Just in time before a significant weather event that is forecast to bring flooding rains to the Mid Atlantic arrives, the National Weather Service has announced that a key RADAR system is back up and running. According to the Mount Holly, New Jersey of the National Weather Service, the RADAR unit responsible for scanning the skies around Philadelphia, New Jersey, and New York City is now back on-line after being off-line since April 20 due to an overhaul and upgrade.
According to the National Weather Service, technicians refurbished and replaced the pedestal, one of the most critical components of the RADAR, which is necessary for antenna rotation and positioning to capture data in all directions. The components are extremely heavy and required the radome to be removed by crane and replaced. The RADAR and pedestal were designed to last 25 years; according to the Mount Holly NWS Office, this system has exceeded that lifespan. By taking the unit off-line since April 20 to allow for this upgrade, the RADAR should continue to function for 20+ more years.
The pedestal refurbishment is the third major project of the NEXRAD Service Life Extension Program, a series of upgrades that will keep RADAR systems viable into the 2030s. NOAA’s
National Weather Service, the United States Air Force, and the Federal Aviation Administration are investing $135 million in the eight year upgrade program. The first project was the installation of the new signal processor and the second project was the refurbishment of the transmitter. The fourth project will be the refurbishment of the equipment shelters. The Service Life Extension Program will be complete in 2023.

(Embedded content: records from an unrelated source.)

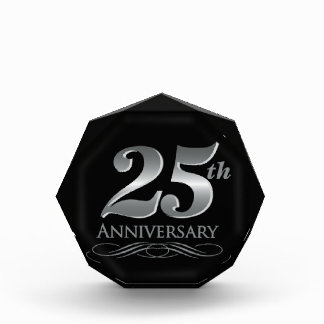 Bloc Photo 25e anniversaire du mariage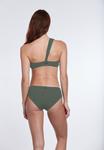 Плавки бикини VIVID, темно-зеленый - фото 3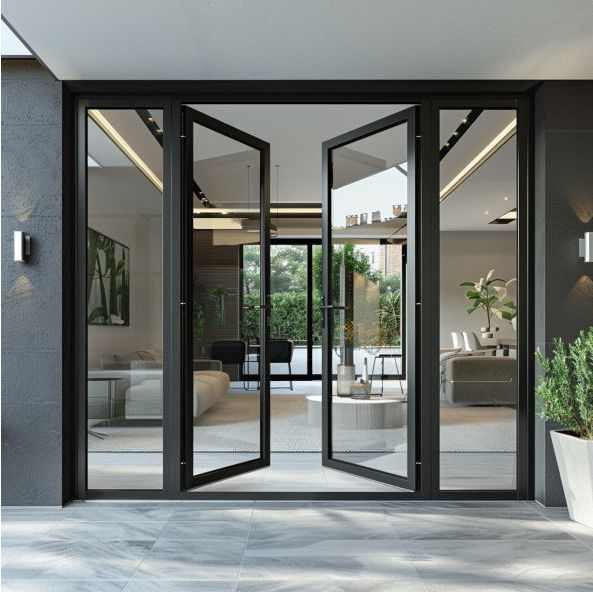 System Aluminium Windows & Doors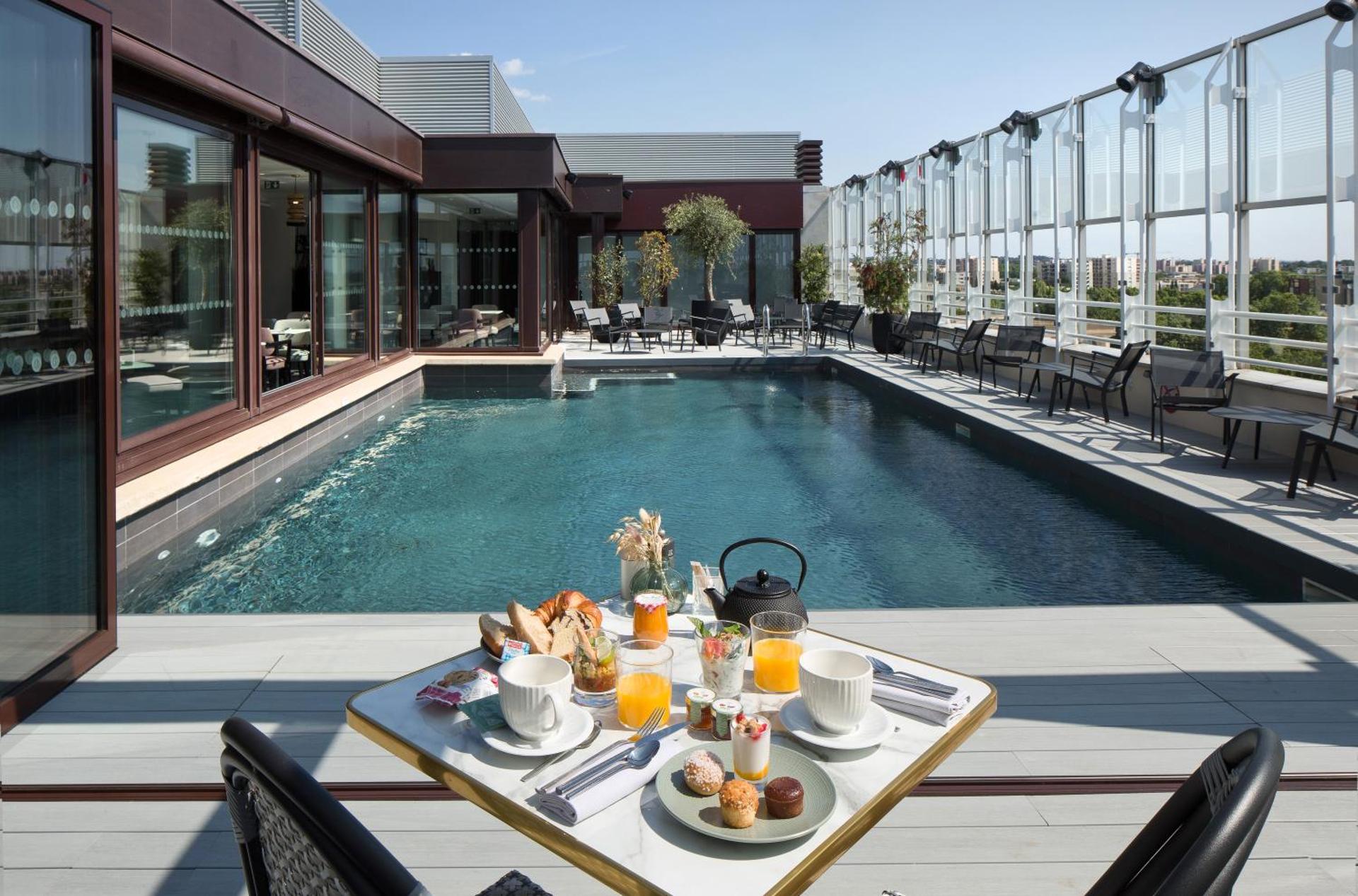 Pullman La Pléiade Montpellier Centre - Photo 9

According to NOAA, in addition to the 122 NWS-owned radars, the full nationwide RADAR network includes another 37 radar sites owned by the FAA and Defense Department. NOAA’s NEXRAD radar program is a tri-agency effort with NOAA, the Federal Aviation Administration, and the United States Air Force.
During the downtime of the New Jersey unit, adjacent radars were available, including: KDOX at Dover Air Force Base in Delaware, KOKX managed by the New York City office of the National Weather Service, KBGM managed by the Binghamton office of the National Weather Service in New York, KCCX managed by the State College office of the National Weather Service in Pennsylvania, and KLWX which is managed by the Sterling, Virginia office of the National Weather Service. These weather service RADARs are supplemented with Terminal Doppler radars at airports at Philadelphia International, Newark Liberty, and Baltimore’s BWI. These other RADARs were helpful in a severe weather event that unfolded last week, including one storm which dropped a tornado at the Jersey Shore.